Center for Systems Biology, Soochow University, Jiangsu, China.
PLoS One. 2012;7(5):e36660. doi: 10.1371/journal.pone.0036660. Epub 2012 May 4.
The histone acetylation of post-translational modification can be highly dynamic and play a crucial role in regulating cellular proliferation, survival, differentiation and motility. Of the enzymes that mediate post-translation modifications, the GCN5 of the histone acetyltransferase (HAT) proteins family that add acetyl groups to target lysine residues within histones, has been most extensively studied. According to the mechanism studies of GCN5 related proteins, two key processes, deprotonation and acetylation, must be involved. However, as a fundamental issue, the structure of hGCN5/AcCoA/pH3 remains elusive. Although biological experiments have proved that GCN5 mediates the acetylation process through the sequential mechanism pathway, a dynamic view of the catalytic process and the molecular basis for hGCN5/AcCoA/pH3 are still not available and none of theoretical studies has been reported to other related enzymes in HAT family. To explore the molecular basis for the catalytic mechanism, computational approaches including molecular modeling, molecular dynamic (MD) simulation and quantum mechanics/molecular mechanics (QM/MM) simulation were carried out. The initial hGCN5/AcCoA/pH3 complex structure was modeled and a reasonable snapshot was extracted from the trajectory of a 20 ns MD simulation, with considering post-MD analysis and reported experimental results. Those residues playing crucial roles in binding affinity and acetylation reaction were comprehensively investigated. It demonstrated Glu80 acted as the general base for deprotonation of Lys171 from H3. Furthermore, the two-dimensional QM/MM potential energy surface was employed to study the sequential pathway acetylation mechanism. Energy barriers of addition-elimination reaction in acetylation obtained from QM/MM calculation indicated the point of the intermediate ternary complex. Our study may provide insights into the detailed mechanism for acetylation reaction of GCN5, and has important implications for the discovery of regulators against GCN5 enzymes and related HAT family enzymes.

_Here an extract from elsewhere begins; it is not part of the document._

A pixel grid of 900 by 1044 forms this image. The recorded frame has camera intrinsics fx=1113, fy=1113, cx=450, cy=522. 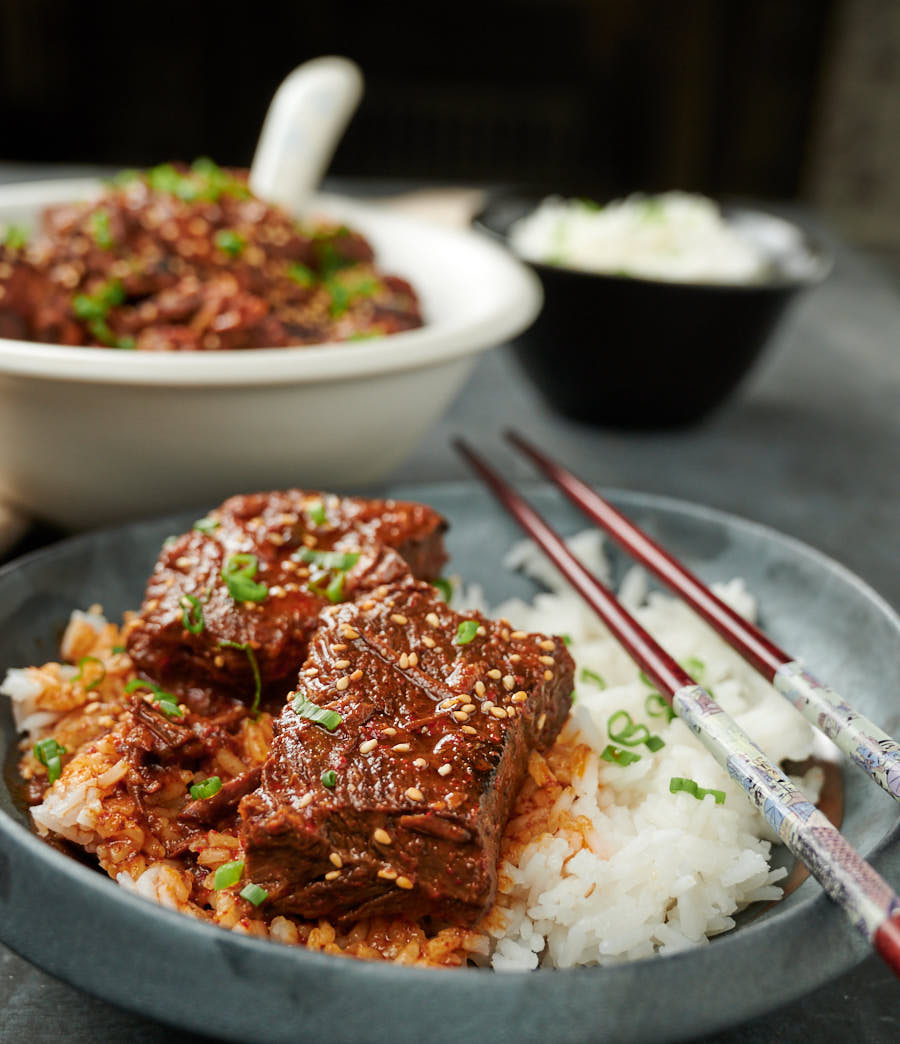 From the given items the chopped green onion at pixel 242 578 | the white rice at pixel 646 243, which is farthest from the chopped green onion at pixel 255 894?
the white rice at pixel 646 243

组蛋白乙酰化的翻译后修饰是高度动态的,在调节细胞增殖、存活、分化和迁移中起着关键作用。在介导翻译后修饰的酶中,组蛋白乙酰转移酶(HAT)蛋白家族中的 GCN5 酶将乙酰基添加到组蛋白中的靶赖氨酸残基上,这一酶得到了最广泛的研究。根据 GCN5 相关蛋白的机制研究,必须涉及两个关键过程,去质子化和乙酰化。然而,作为一个基本问题,hGCN5/AcCoA/pH3 的结构仍然难以捉摸。尽管生物实验已经证明 GCN5 通过顺序机制途径介导乙酰化过程,但催化过程的动态视图和 hGCN5/AcCoA/pH3 的分子基础仍然不可用,也没有理论研究报告其他 HAT 家族相关酶。为了探索催化机制的分子基础,进行了包括分子建模、分子动力学(MD)模拟和量子力学/分子力学(QM/MM)模拟在内的计算方法。构建了初始 hGCN5/AcCoA/pH3 复合物结构,并从 20 ns MD 模拟轨迹中提取了一个合理的快照,同时考虑了 MD 后分析和报道的实验结果。综合研究了对结合亲和力和乙酰化反应起关键作用的残基。结果表明,Glu80 作为 H3 中 Lys171 去质子化的广义碱。此外,还采用二维 QM/MM 势能面研究了顺序乙酰化机制。QM/MM 计算得到的乙酰化加成-消除反应的能垒表明了中间三元复合物的位置。我们的研究可能为 GCN5 的乙酰化反应的详细机制提供了一些见解,并对发现针对 GCN5 酶和相关 HAT 家族酶的调节剂具有重要意义。